DuckDuckGo Surges 30% In Wake of Google’s AI Takeover

DuckDuckGo is getting a fresh burst of attention after Google’s AI Slop-heavy Search announcements at Google’s corporate shill event called I/O. According to TechCrunch, DuckDuckGo app installs in the U.S. rose 18% week over week on average from May 20 through May 25, with growth peaking at 30+% on May 25.

The spike was even stronger on iOS. 9to5Mac reported that U.S. iPhone installs were up 33% week over week on average, peaking at 69.9%. That is a loud little canary in the search coal mine.

“People aren’t just complaining about Google’s AI search overhaul, they’re leaving. Yesterday alone, our week over week installs surged 30% in the U.S. Momentum is growing. It’s time to Fire Google.”

The reaction is not simply anti-AI. It is anti-forced-AI. DuckDuckGo has its own AI features, including Search Assist and Duck.ai, but its pitch is that users can turn them off. Its no-AI search page strips out AI-assisted answers and AI-generated image features by default.

9to5Mac

That is the fault line Google opened at I/O. Search users have spent decades training themselves to scan sources, compare pages, and pick their own path. Google’s new AI Search direction moves the experience closer to a single synthesized answer box, with links pushed deeper into the machinery. For many users, that feels less like search and more like being handed a pre-chewed answer.

DuckDuckGo CEO Gabriel Weinberg put it bluntly in comments cited by TechCrunch: Google is “force-feeding AI with no way to opt out.” He said DuckDuckGo wants to be the place where users decide how much AI they want in search.
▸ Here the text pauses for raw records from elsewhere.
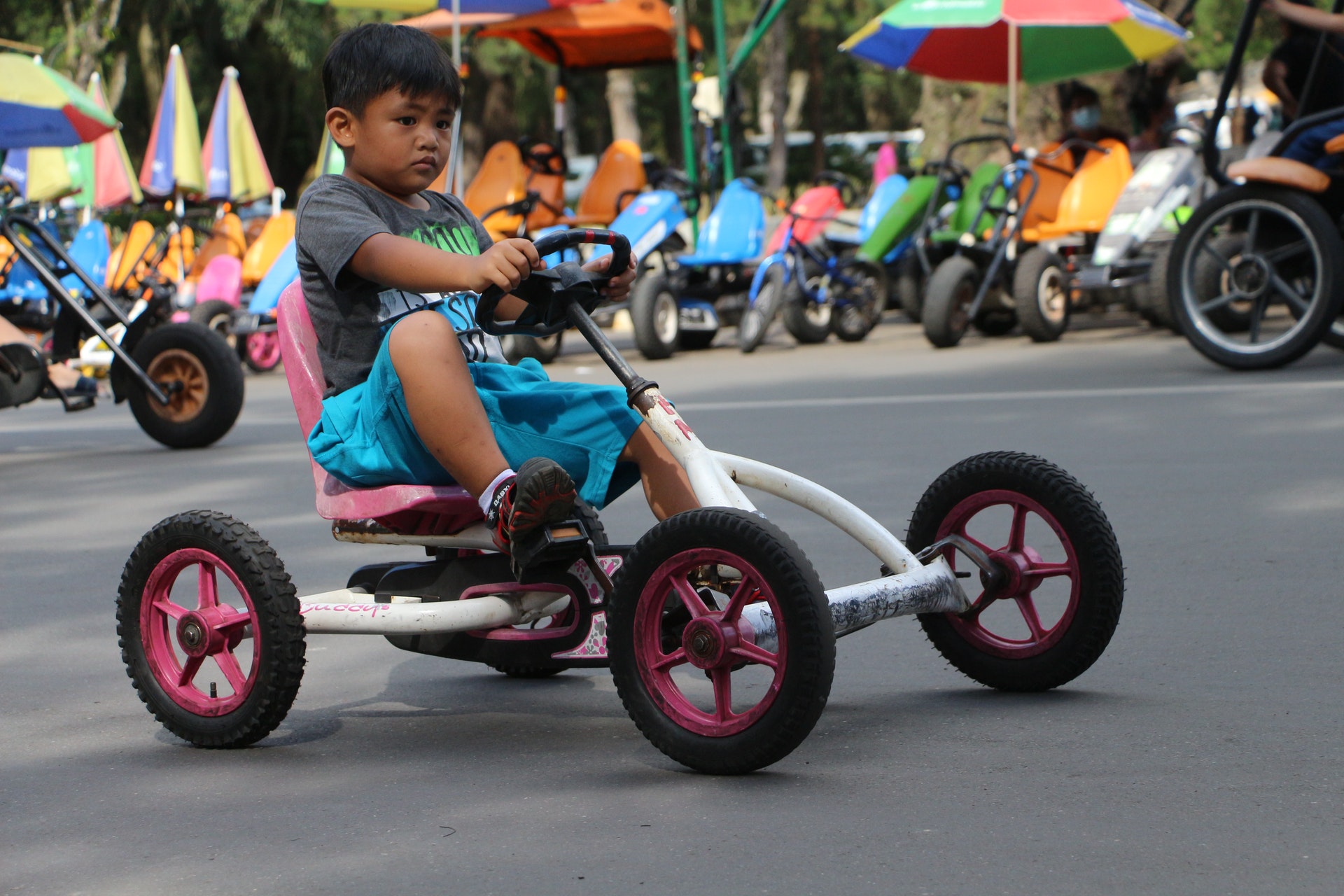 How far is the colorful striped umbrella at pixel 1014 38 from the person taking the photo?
13328mm

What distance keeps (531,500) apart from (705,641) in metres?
0.40

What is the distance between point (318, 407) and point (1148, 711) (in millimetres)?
1723

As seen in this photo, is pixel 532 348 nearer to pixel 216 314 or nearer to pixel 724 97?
pixel 216 314

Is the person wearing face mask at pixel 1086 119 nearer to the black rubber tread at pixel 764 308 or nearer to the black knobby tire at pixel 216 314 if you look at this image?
the black rubber tread at pixel 764 308

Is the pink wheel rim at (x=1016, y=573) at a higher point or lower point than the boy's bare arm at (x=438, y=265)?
Result: lower

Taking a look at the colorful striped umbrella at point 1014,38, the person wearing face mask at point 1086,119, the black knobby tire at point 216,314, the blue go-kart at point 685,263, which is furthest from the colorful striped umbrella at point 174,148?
the person wearing face mask at point 1086,119

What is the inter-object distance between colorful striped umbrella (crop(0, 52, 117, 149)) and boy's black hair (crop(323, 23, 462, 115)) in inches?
282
For site owners and SEOs, this matters. If even a small share of users starts testing alternatives, search behavior gets messier and more fragmented. Google still owns the default habit, but the trust crack is visible. Users are not just asking for privacy anymore. They are asking for control, clean results, and an honest path back to the open web.

The bigger question is not whether DuckDuckGo suddenly becomes a Google killer. It is whether Google has finally pushed enough AI into Search that regular users start looking for the exit sign.